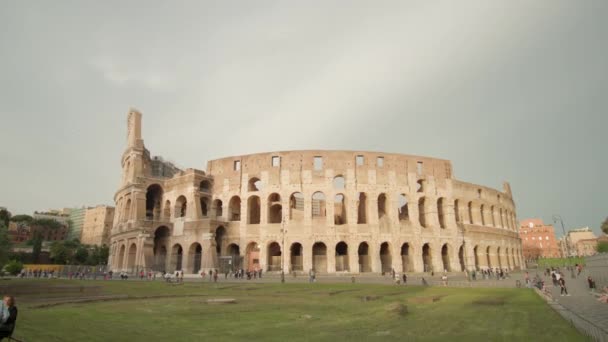 Rome Italy May 2022 People Walk Famous Colosseum Cloudy Sky — Stock Video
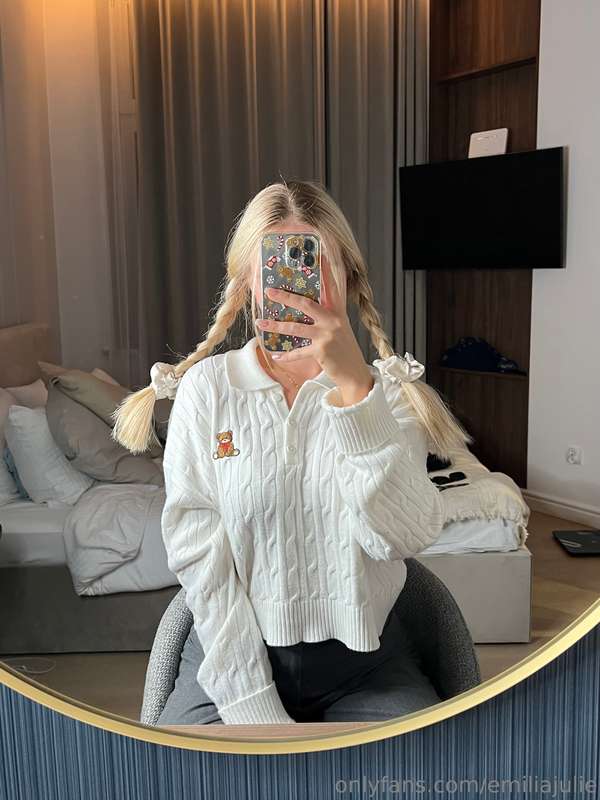 emiliajulie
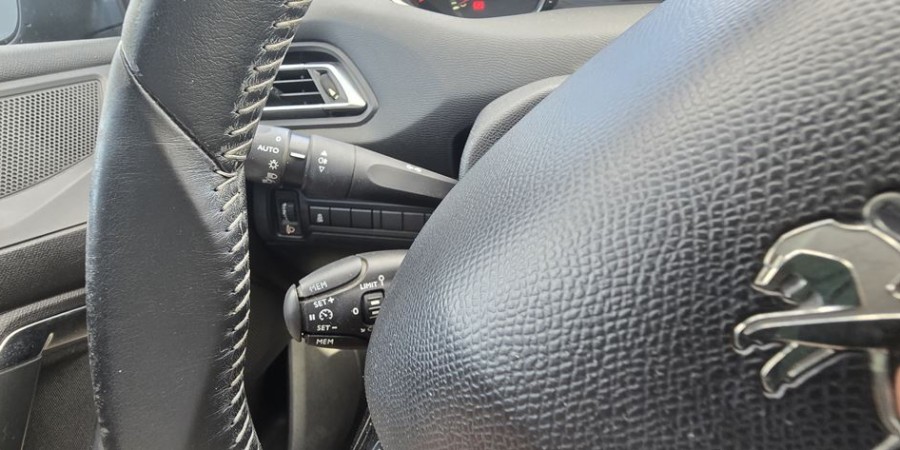 Peugeot 308 II SW 1.6 HDI 92 CV / ACTIVE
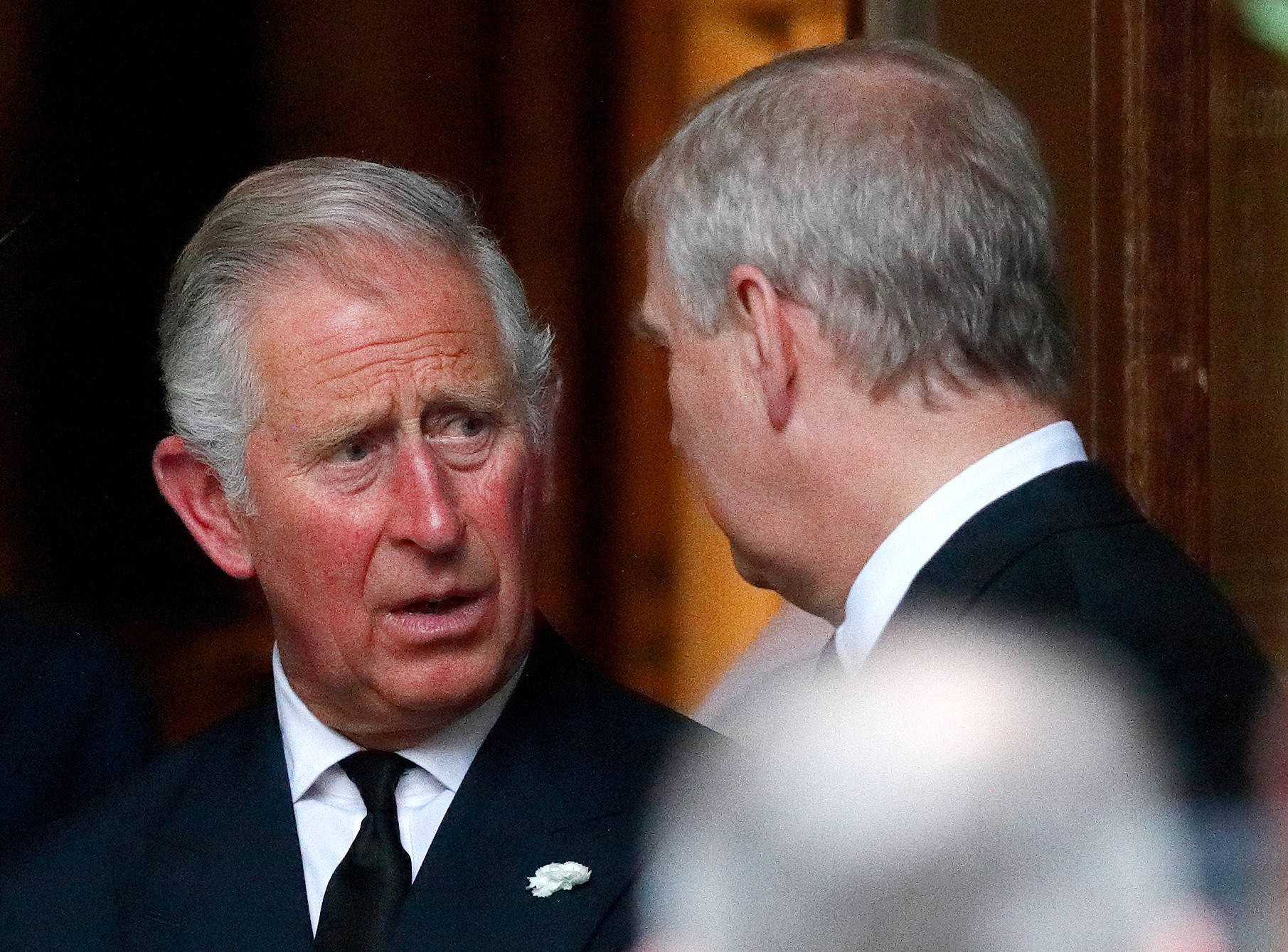 Le roi Charles III et Andrew Mountbatten-Windsor lors des funérailles de Patricia Knatchbull, comtesse Mountbatten de Birmanie, à l'église St Paul's, Knightsbridge, le 27 juin 2017, à Londres, en Angleterre. | Source : Getty Images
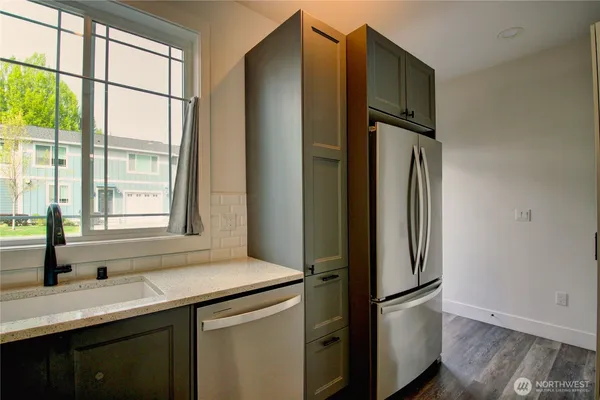 $434,500 | 313 East Hazel Street, Unit D, Mount Vernon, WA 98273
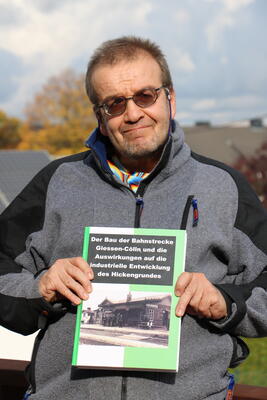 Bild vergr��ern: Frank Lipke dokumentiert in seinem Sachbuch die Geschichte der Eisenbahn im Hickengrund.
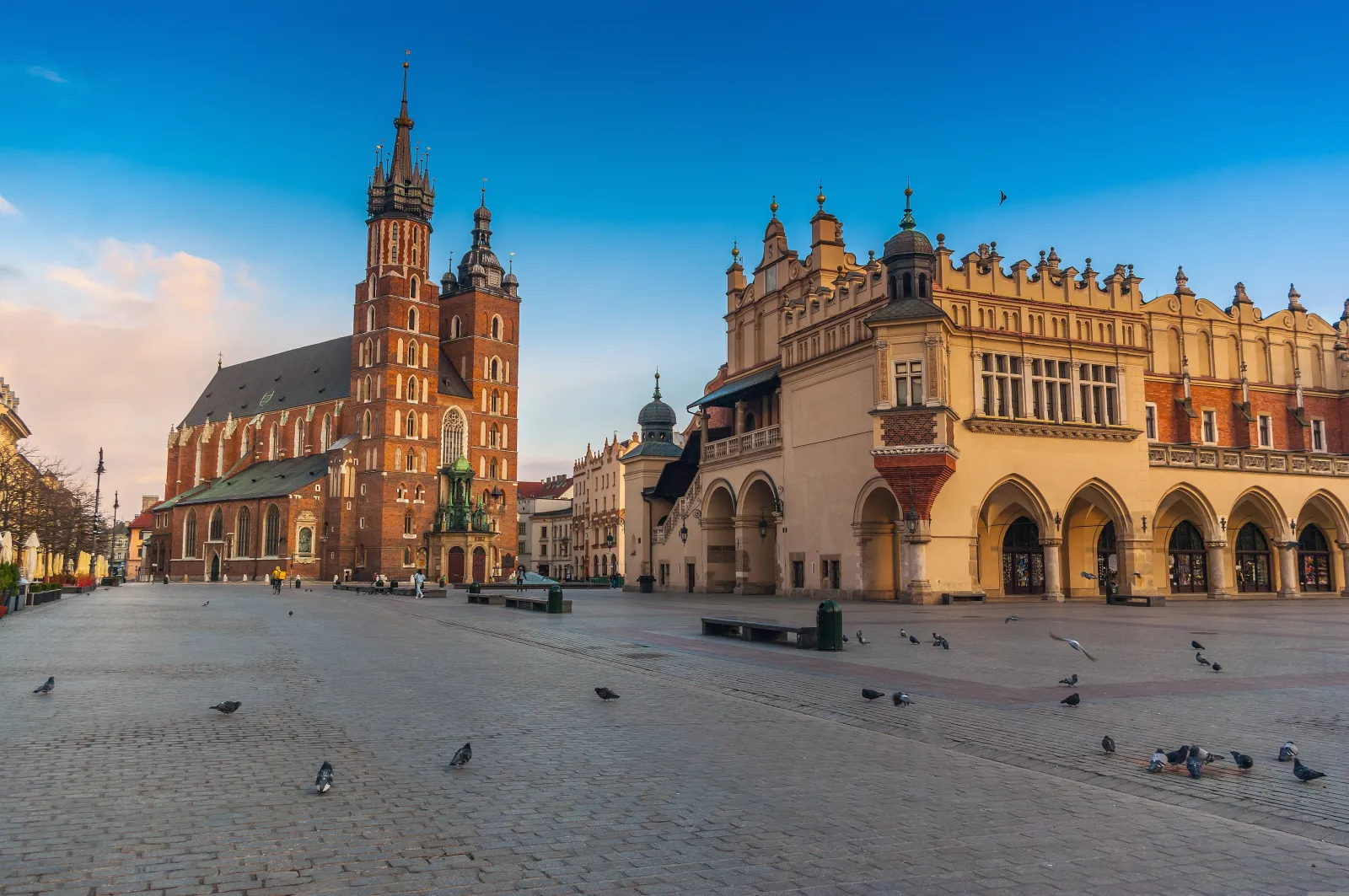 Main Market Square (Cloth Hall, St. Mary's Basilica)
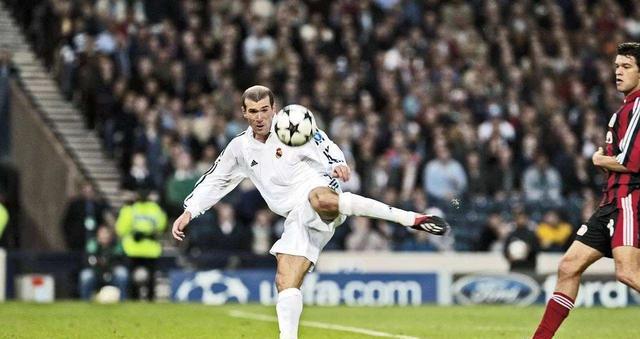 足球最佳阵容梅西c位出场,足球史上最强11人阵容c罗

■ **TASK STATEMENT**
All lines from the one containing "Bild vergr��ern: Frank" to the last line of the records above, and no others, should be returned unchanged, without pictures.

■ **REPLY TO THE TASK**
 Bild vergr��ern: Frank Lipke dokumentiert in seinem Sachbuch die Geschichte der Eisenbahn im Hickengrund.
 Main Market Square (Cloth Hall, St. Mary's Basilica)
 足球最佳阵容梅西c位出场,足球史上最强11人阵容c罗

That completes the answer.